Monday, October 4, 2010

The Beginning, Part 2

continued from HERE

This began our life I refer to as "After" or after learning that we would have a little girl with a developmental disability. Oh how I wish THIS SITE had existed back then. This is a brand new site dedicated to parents who have received a prenatal diagnosis of Ds & have elected to continue the pregnancy. Are you aware that more than 90% of pregnancies given a prenatal diagnosis of Ds end with termination? Fear and misinformation are prevalent, but many of us are working to change this.

The rest of the pregnancy was a blur. I had a fetal echocardiogram that ruled out large abnormalities in her heart, but not the 3 small findings that she was born with (which closed on their own). I practically lived in the doctor's office near the end because my amniotic fluid was so low (this is not necessarily Ds related). Weekly ultrasounds, twice weekly checks of her heartbeat, coming to terms with her diagnosis while the genetic counselors warnings that we had a 20-30% chance of our daughter being born, still (dying in-utero) weighed heavily on my shoulders.

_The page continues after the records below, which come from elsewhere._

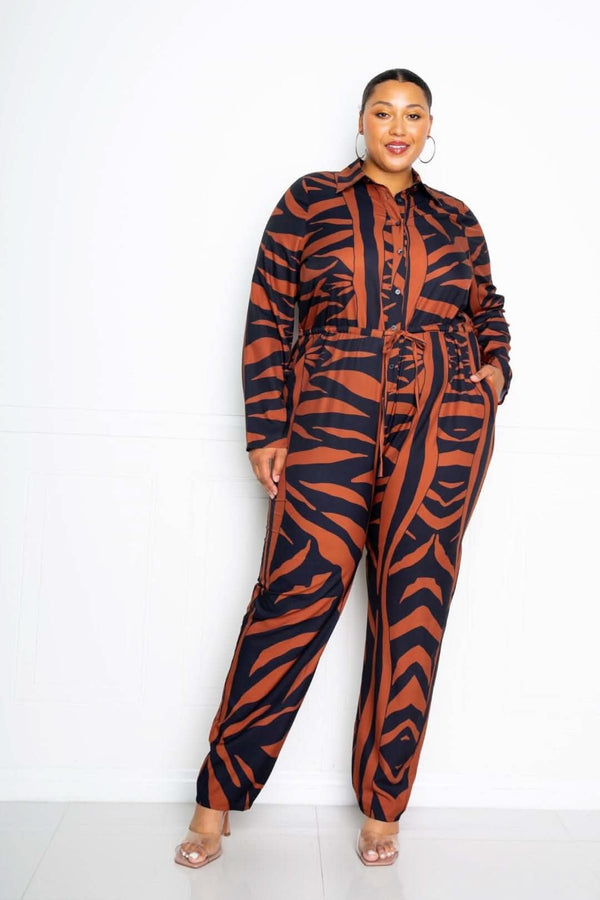 Button Up Long Sleeve Jumpsuit - Fit Me For 20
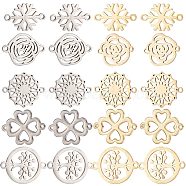 20Pcs 10 Styles 201 Stainless Steel Connector Charms, Flower & Clover & Snowflake Links, Mixed Shapes, Golden & Stainless Steel Color, 17~21x11~16x1~1.5mm, Hole: 1.2~1.6mm, 2pcs/style(FIND-SC0004-68)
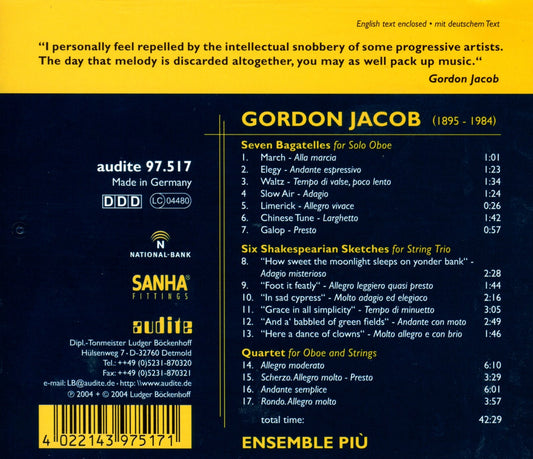 WORKS FOR OBOE & STRINGS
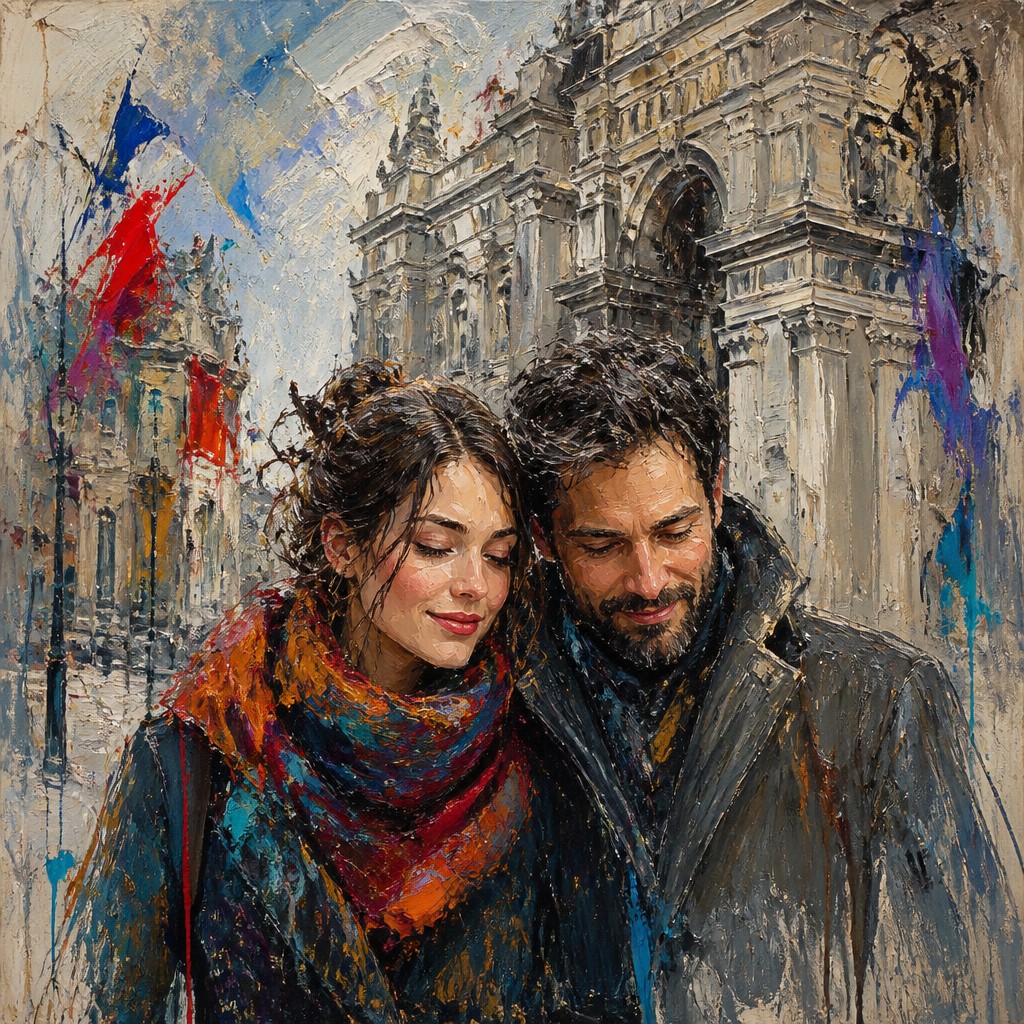 portrait of two people together — Montreal Art Style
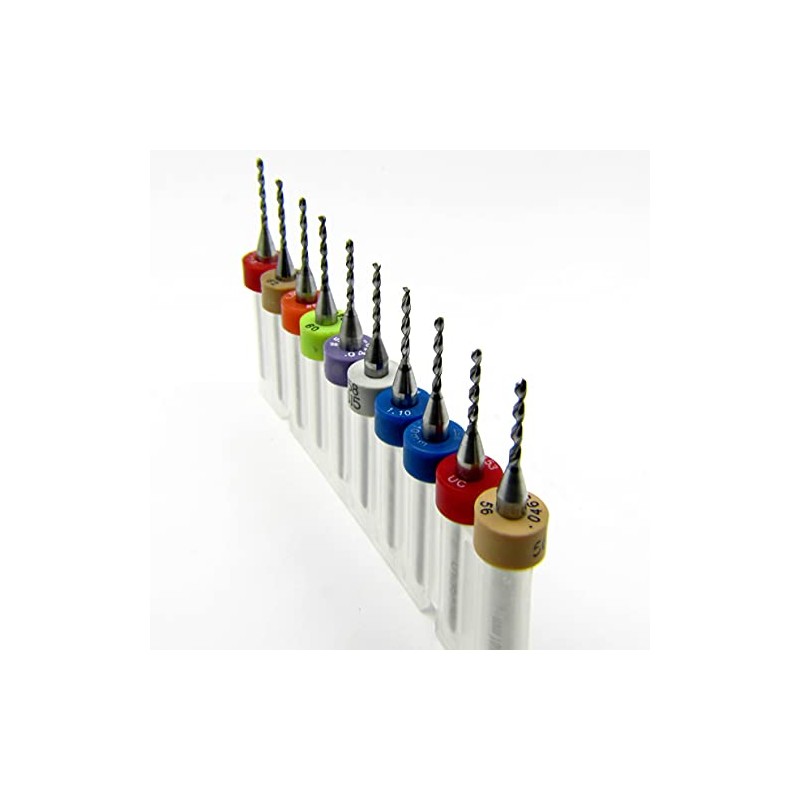 Ten Size Carbide Drill Bit Set .037" - .0465" #63#62#61#60#59#58#57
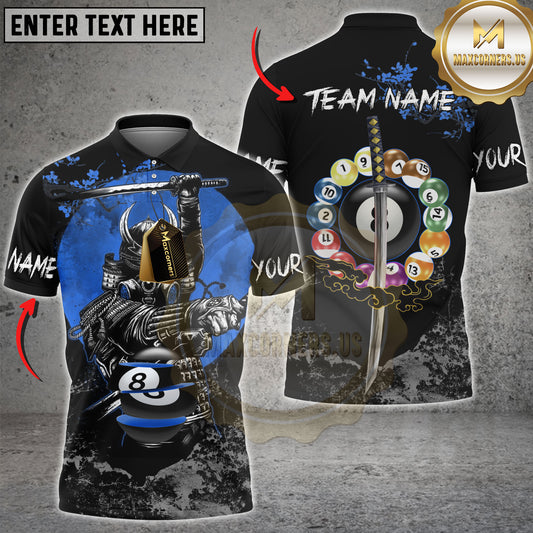 Maxcorners Samurai Billiard Warrior Multicolor Customized Name, Team Name 3D Shirt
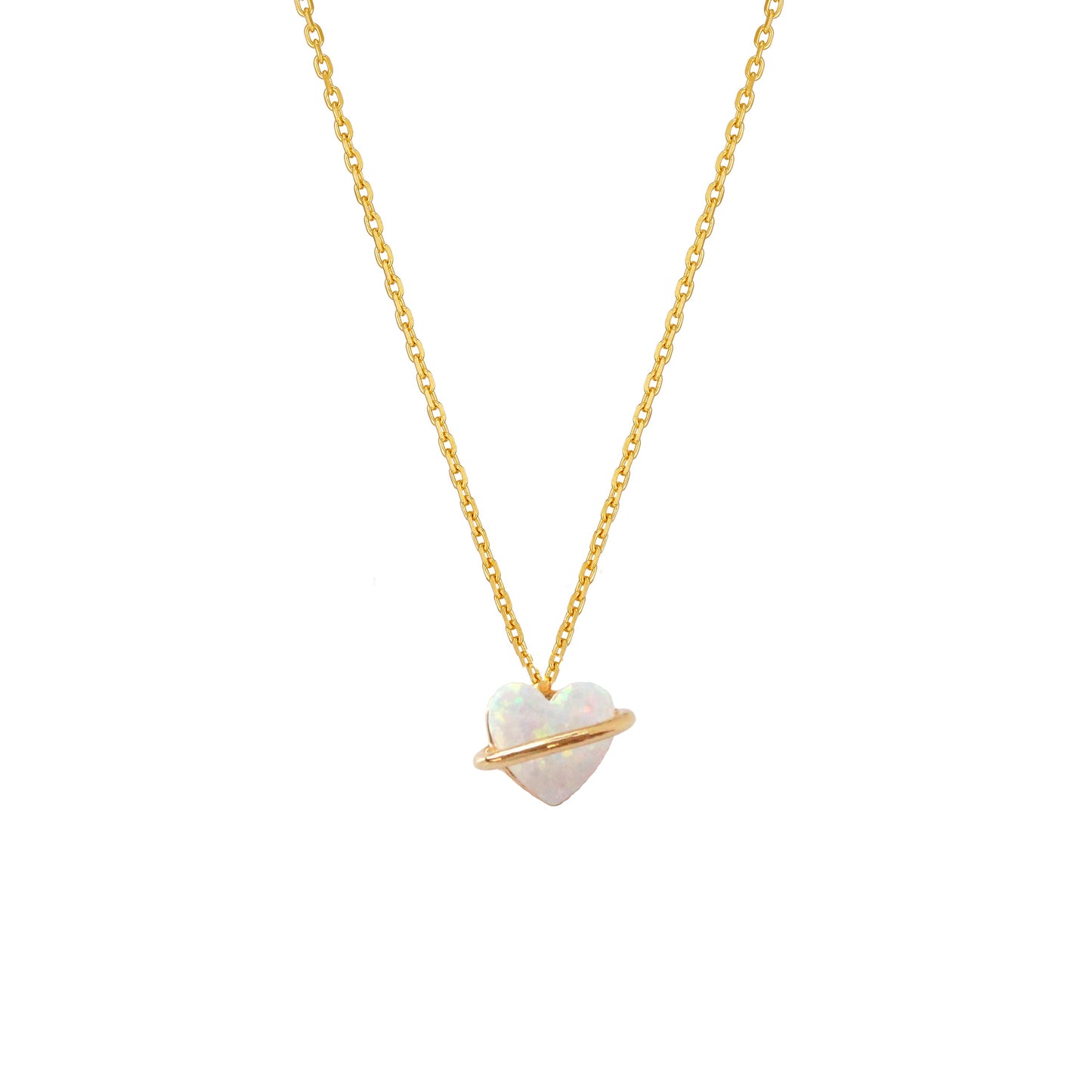 Tiny Opal Stone Heart Belt Necklace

I drank in the book Gifts: Mothers Reflect on How Children with Down Syndrome Enrich Their Lives, which had just been published. I adjusted, I cried, I found strength I didn't know I had, but I pushed my spiritual self off the bus and it would be a long time before I would have a heart-to-heart with God.

I called our local Ds group and talked at length (bawled-my-eyes-out) with the President. I even went to a Ds Mom's night out while still grieving the loss of the child we thought we were expecting, while hugely pregnant. I tried to learn all I could about Down syndrome from accurate sources. Mark wisely waited to tell me that our neighbor asked him why we weren't aborting (yes, I am serious). I tried to put all of the scary information out of my mind that our (awful) genetic counselor told us (shoved down our throats) while we "weighed our options." These were her words, not ours. For Mark and myself there were never options. There was just Sophia, and she was ours, exactly as she is.

1 comment:

Anonymous said...

I know she is yours just the way she is...but she is ours too. Although I do not get to physically see her (and the rest of your family) nearly enough...she has helped lead so many of us to a deeper understanding of the life of someone with a learning disability. You and your husband have handled everything that life has thrown at you with such grace. It is truly inspiring.